– Тебя просто не научили получать удовольствие от шитья. Вышивка очень полезна, – сообщила Пеони.

Рози время от времени впадала в мрачное настроение, поскольку ей казалось, что она слишком мало помогает Тетушке и Катрионе и те, вероятно, предпочли бы располагать ее временем и парой ловких рук, а не монетами, которые платил ей главный конюший Вудволда. Она решилась (хоть и без особой охоты) проверить, не искупит ли рукоделие прочих ее недостатков. И вот вечером, когда они остались вдвоем на кухне в доме Рози, Пеони достала несколько цветных ниток и лоскут жесткой ткани, предусмотрительно выбрав для начала спокойный синий цвет, и показала подруге два или три основных стежка.

Но пальцы Рози, едва сомкнувшись на иголке и ткани, переданной им для упражнений, запорхали над льняным лоскутом так, будто каждый из них обладал собственным разумом и с рождения учился командной работе. Иголка ныряла в ткань и выныривала, оставляя за собой изумительный след из ярких цветов и бабочек.

Пальцы добрались до края лоскута и развернули его, чтобы начать следующий ряд, но тут Рози резко отпрянула назад – так натягивает поводья всадник на понесшей лошади, – и квадратная тряпица упала на пол, увлекая за собой нитку и иголку. Рози спрятала ладони под мышки и, дрожа, ссутулилась на стуле. Пеони тем временем нагнулась, подобрала лоскут и бережно расправила его в руках.

– Рози, это же чудесно! – заметила она. – Когда ты научилась так вышивать? Мне казалось, ты говорила, что не умеешь вовсе.

– Я и не умею, – приглушенно подтвердила Рози.

– Что ж, не важно, – попыталась успокоить подругу Пеони. – У тебя получается, и это одна из самых красивых работ, какие я видела. Она далеко превосходит мои умения. Пара стежков, которые ты использовала, мне вообще незнакомы. Твоя вышивка пойдет нарасхват, как только я это кому-нибудь покажу…

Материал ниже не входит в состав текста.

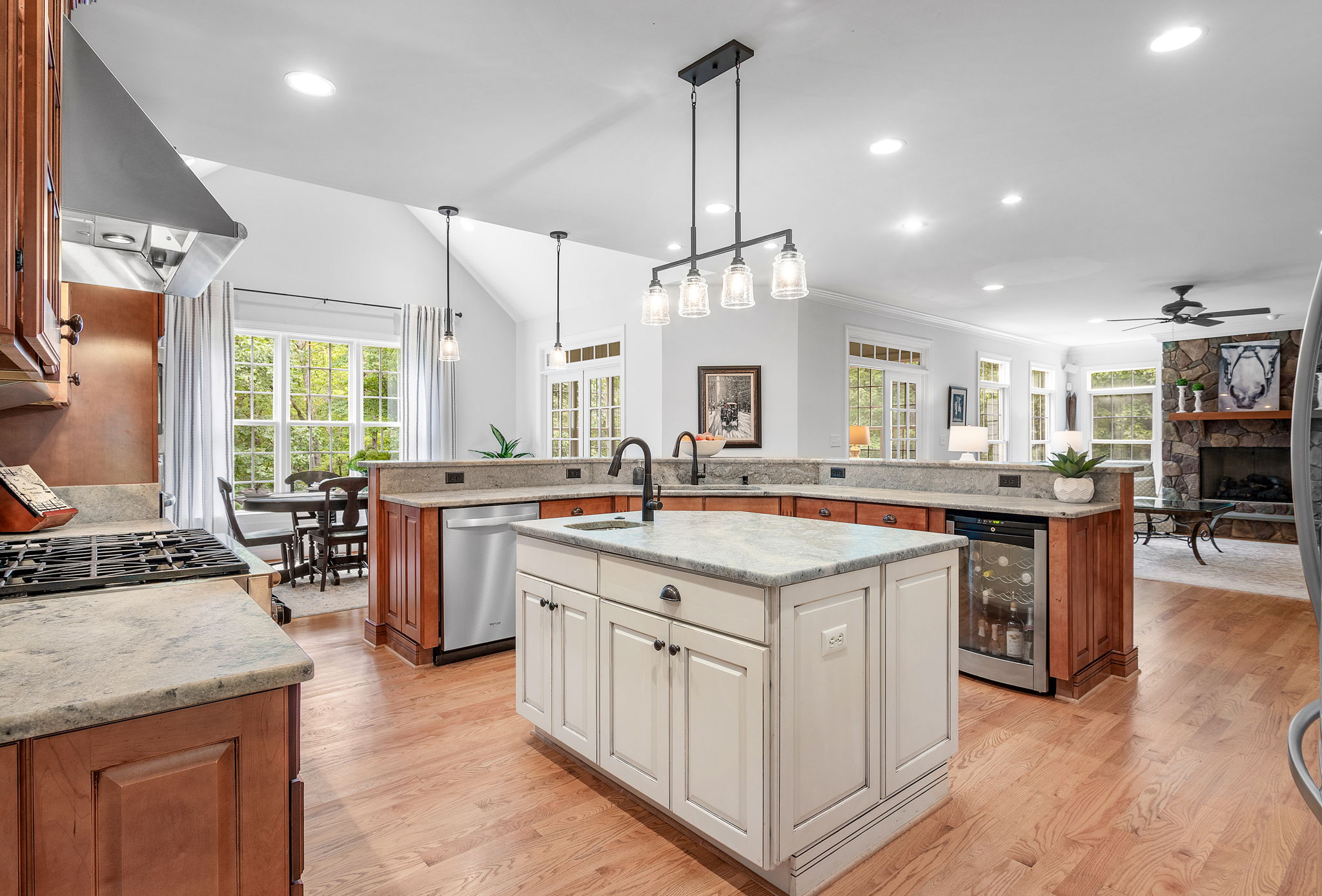 17-Kitchen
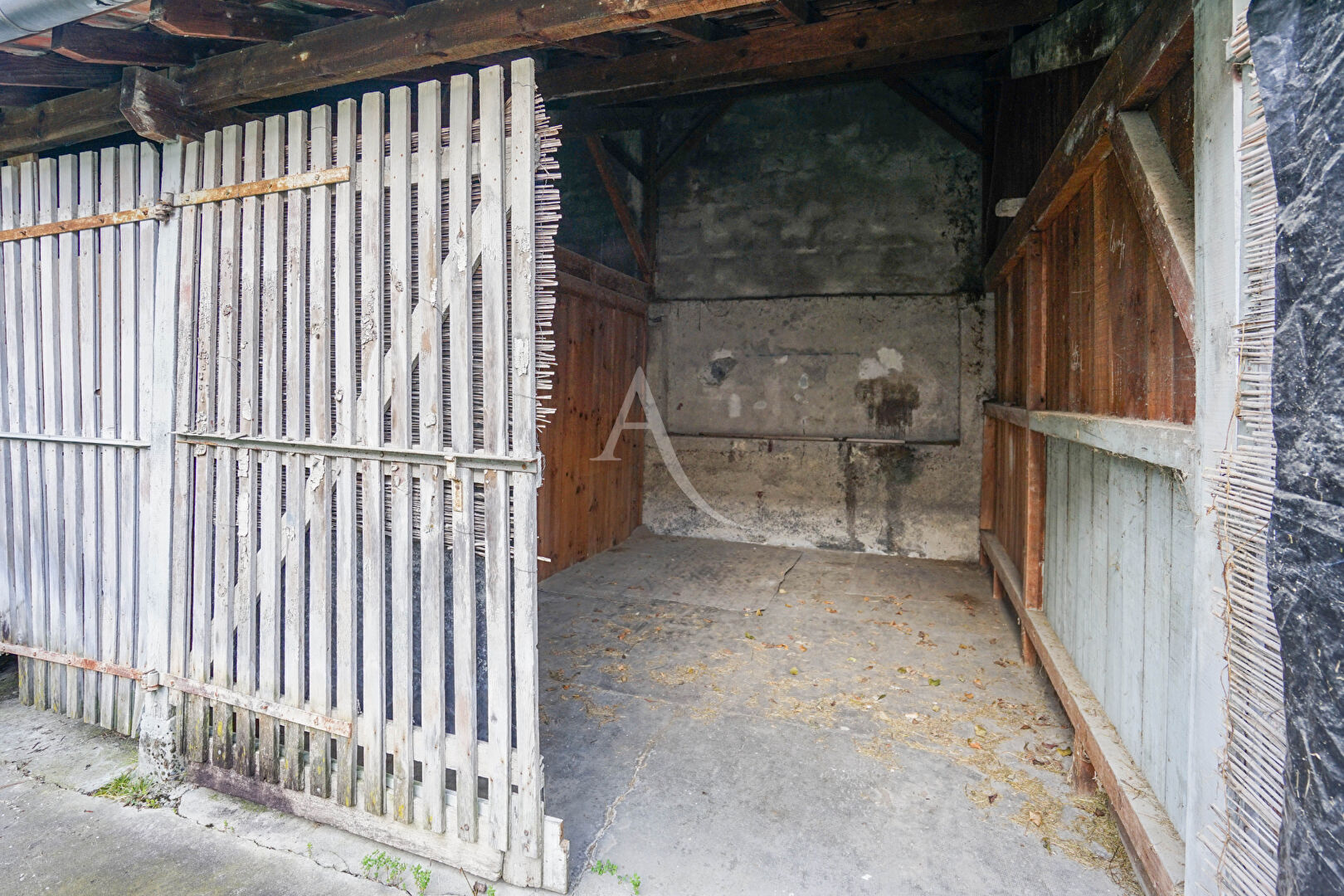 Parking / box PAU (64000) 47.00 m²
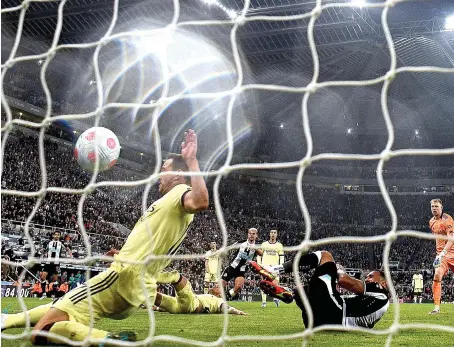  ?? AFP ?? Newcastle United’s Brazilian midfielder Bruno Guimaraes, center, scores their second goal during the Premier League football match against Arsenal.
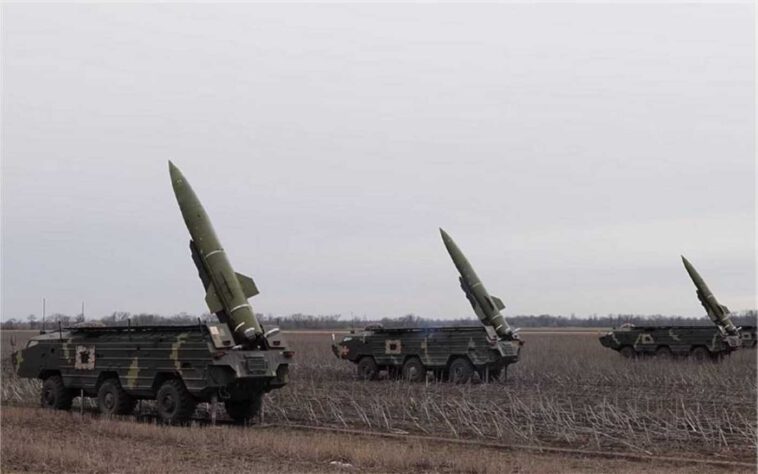 انفجارات هائلة.. صواريخ باليستية تستهدف مدينة بيلغورود الروسية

– Не смей! – потребовала Рози, потянулась было за лоскутом в руках у Пеони, но в последний миг отдернула руку, как будто не хотела к нему прикасаться. – Нельзя это показывать. Я запрещаю.

– Но… – изумленно возразила бедная Пеони. – Но… разве ты не собираешься продолжать? Разве ты не понимаешь, как здорово у тебя получается?

– Ничего у меня не получается! – закричала Рози. – Я не понимаю, что произошло! Это не имеет никакого отношения ко мне! И не смей никому рассказывать! Я до конца дней своих больше не притронусь ни к одной иголке!

Она залилась слезами и выбежала из помещения, едва не врезавшись в Тетушку, которая пришла посмотреть, чем вызван весь этот переполох.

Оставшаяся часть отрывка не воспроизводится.